Task to carry out → Below are some entries; reproduce them exactly and leave every picture out.

Items from a dataset →
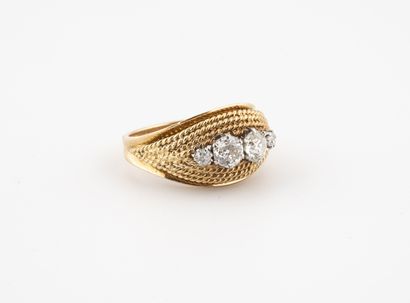 null Yellow gold (750) and platinum (850) ring set with four old cut diamonds. 

Circa...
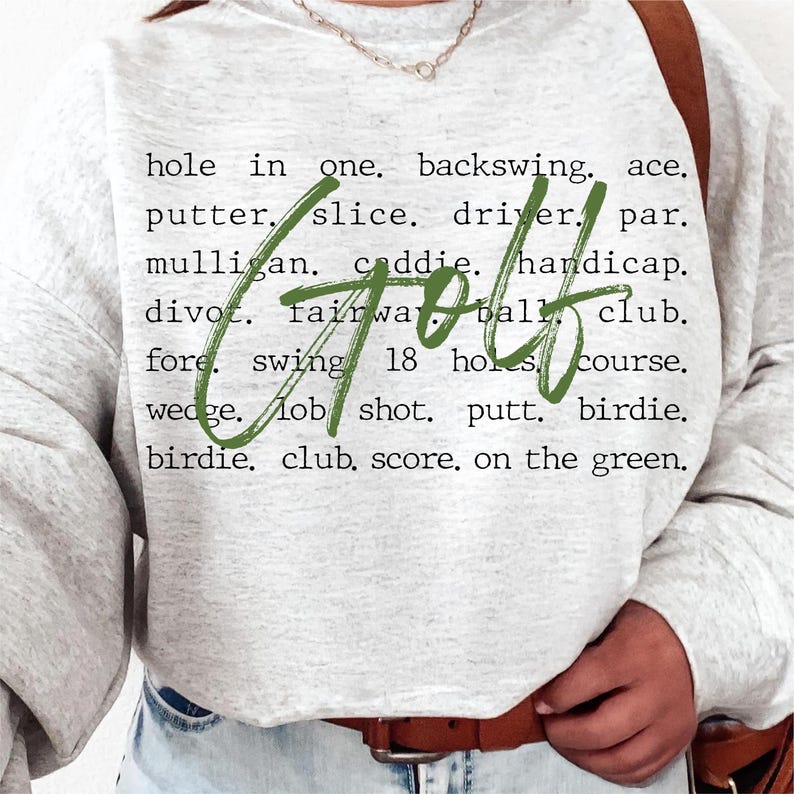May include: A gray sweatshirt with the word "golf" written in green cursive on the front. The word is surrounded by a list of golf terms, including "hole in one", "backswing", "ace", "putter", "slice", "driver", "par", "mulligan", "caddie", "handicap", "divot", "fairway", "ball", "club", "fore", "swing", "18 holes", "course", "wedge", "lob shot", "putt", "birdie", "birdie", "club", "score", and "on the green".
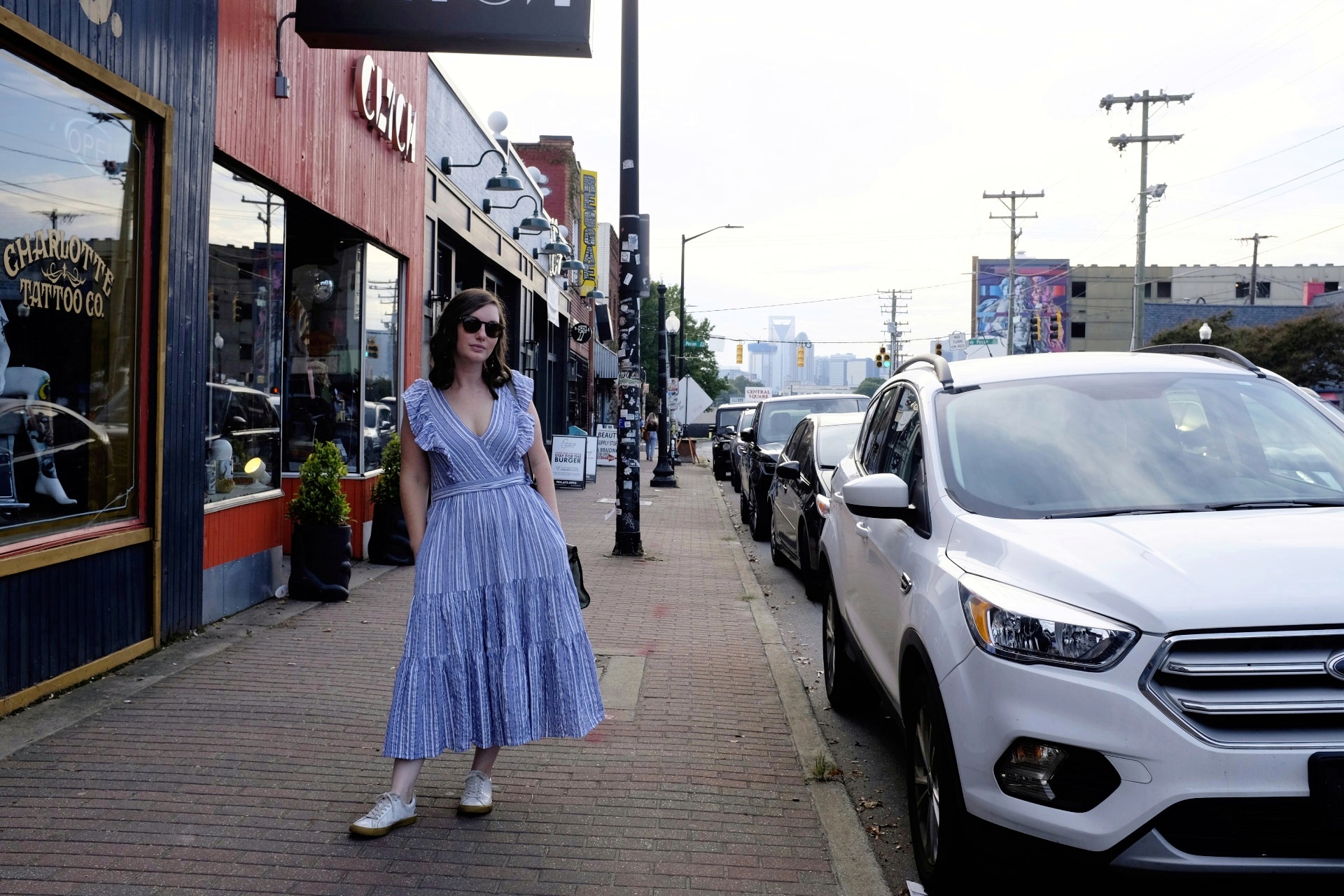 Alyssa stands next to cars on the sidewalk in Plaza Midwood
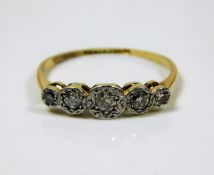 An 18ct gold ring with five diamonds set in platin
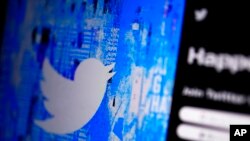FILE - The Twitter splash page is seen on a digital device, April 25, 2022, in San Diego. European Union data show that Twitter took longer to review hateful content and removed less of it in 2022 compared with the previous year.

Exercise solution →
 null Yellow gold (750) and platinum (850) ring set with four old cut diamonds. 

Circa...
May include: A gray sweatshirt with the word "golf" written in green cursive on the front. The word is surrounded by a list of golf terms, including "hole in one", "backswing", "ace", "putter", "slice", "driver", "par", "mulligan", "caddie", "handicap", "divot", "fairway", "ball", "club", "fore", "swing", "18 holes", "course", "wedge", "lob shot", "putt", "birdie", "birdie", "club", "score", and "on the green".
 Alyssa stands next to cars on the sidewalk in Plaza Midwood
 An 18ct gold ring with five diamonds set in platin
FILE - The Twitter splash page is seen on a digital device, April 25, 2022, in San Diego. European Union data show that Twitter took longer to review hateful content and removed less of it in 2022 compared with the previous year.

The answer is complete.